Pediu demissão do MPF, demorou um pouco mais para sair, para poder gozar férias acumuladas e fazer uma pequena cirurgia. Por aí pode-se pegá-lo por algum atropelo a normas administrativas. E, de alguma forma, ajudou a acelerar a ida da JBS para Trench, conforme se depreende dos bônus que recebeu da empresa.
No entanto, pelas próprias gravações e e-mails divulgados, fica claro que a JBS tinha pouca visibilidade sobre o que ocorria do outro lado do balcão, a PGR.

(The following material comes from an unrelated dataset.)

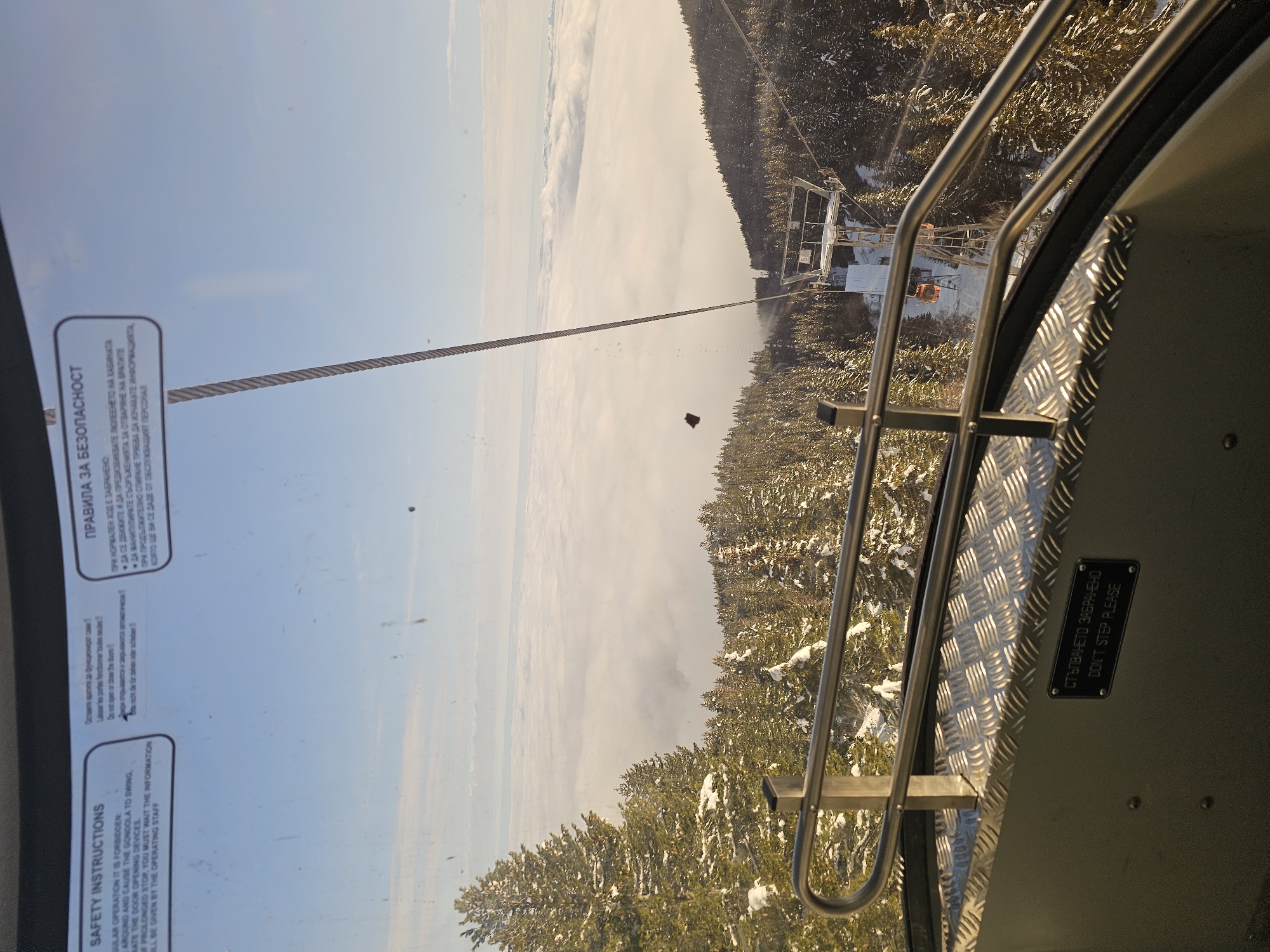Gondola rider captures winter landscape view in Samokov, Bulgaria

Segundo documentos da PGR do Rio de Janeiro e da PGR de Brasília, desde julho de 2006 Miller não mais participava dos trabalhos da Lava Jato.
Na verdade, o grupo inicial acabou se afastando da Lava Jato por não se adaptar ao estilo de Janot, bastante centralizador e pretendendo o controle de tudo – provavelmente em função dos impactos políticos da operação.

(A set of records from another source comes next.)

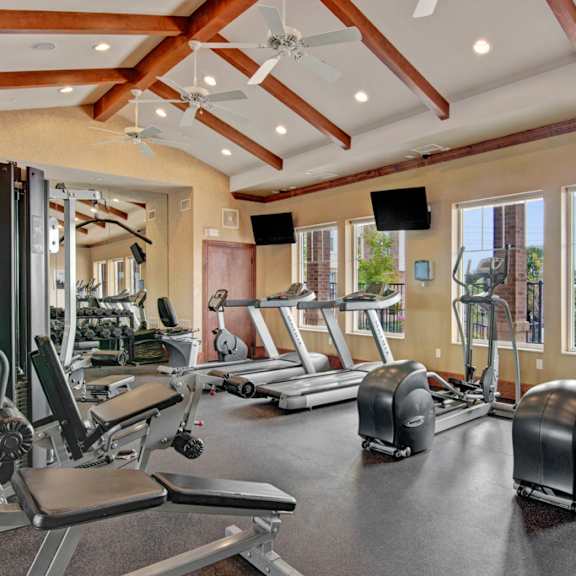A gym with treadmills and other exercise equipment and windows at Stoneleigh at the Reserve Apartment Homes. 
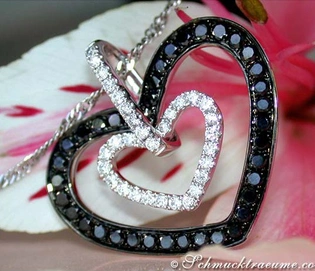 Herz-Anhänger aus Weißgold mit Diamanten und schwarzen Diamanten, Detailaufnahme auf Blume liegend
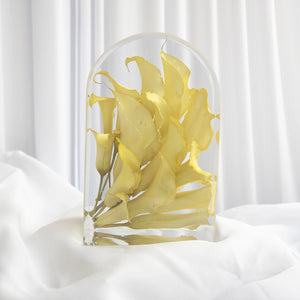 Large arch with a cascade of yellow calla lilies from a wedding bouquet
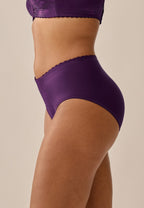 Zijde van vrouw die de minimizer slip met bloemenpatroon in de kleur beetroot  van het merk Naturana draagt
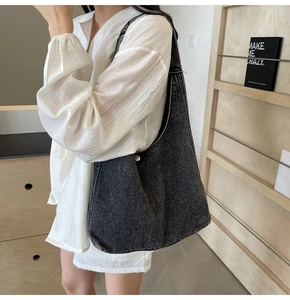 Détail du sac hobo en denim délavé avec boucle argentée et texture vintage sobre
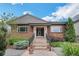 Inviting front exterior with beautiful landscaping, flowers, and a stone facade at 2539 N York St, Denver, CO 80205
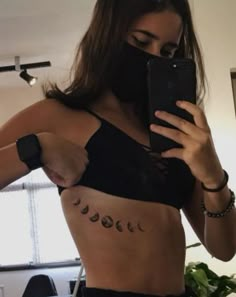 a woman wearing a black bra with phases drawn on her stomach and holding a cell phone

Havia uma equipe original experiente, justamente a que foi investigar Eduardo Cunha, composta pelos procuradores Andrei Borges, Fabio Magrinelli, Bruno Calabrich e Miller.
Era uma equipe experiente, mas com algumas características que desagradavam a Janot: era independente, não compunham com as prioridades políticas de Janot. A saída encontrada por Janot foi inchar a equipe inicial com outros procuradores com menos história e menos experiência no MPF.
A intenção de controlar os trabalhos em Brasília se devia, também, à falta de controle de Janot sobre a Lava Jato de Curitiba. As estripulias de Curitiba chegavam a escandalizar Janot, mas este admitia não ter legitimidade política para intervir nos trabalhos pelos meios administrativos.
Peça 5 – as peças do próximo jogo
Por tudo o que se levantou até agora pode-se acusar Janot de medíocre, desastrado, burocrata. Mas não há nenhuma evidência de desonestidade financeira – para separar da intelectual.
Do mesmo modo, pode-se imputar a Miller comportamento pouco ético. Mas nada indica que tenha vendido segredos ou explorado o cargo em favor dos Batista.
Por isso mesmo, a tentativa de constrange-los via CPI já nasce sob o signo da chantagem. Pode aplacar algumas sedes de vingança, de assistir os persecutores provando do próprio veneno.
Mas não há ganho nenhum nem para a democracia nem para os bons costumes.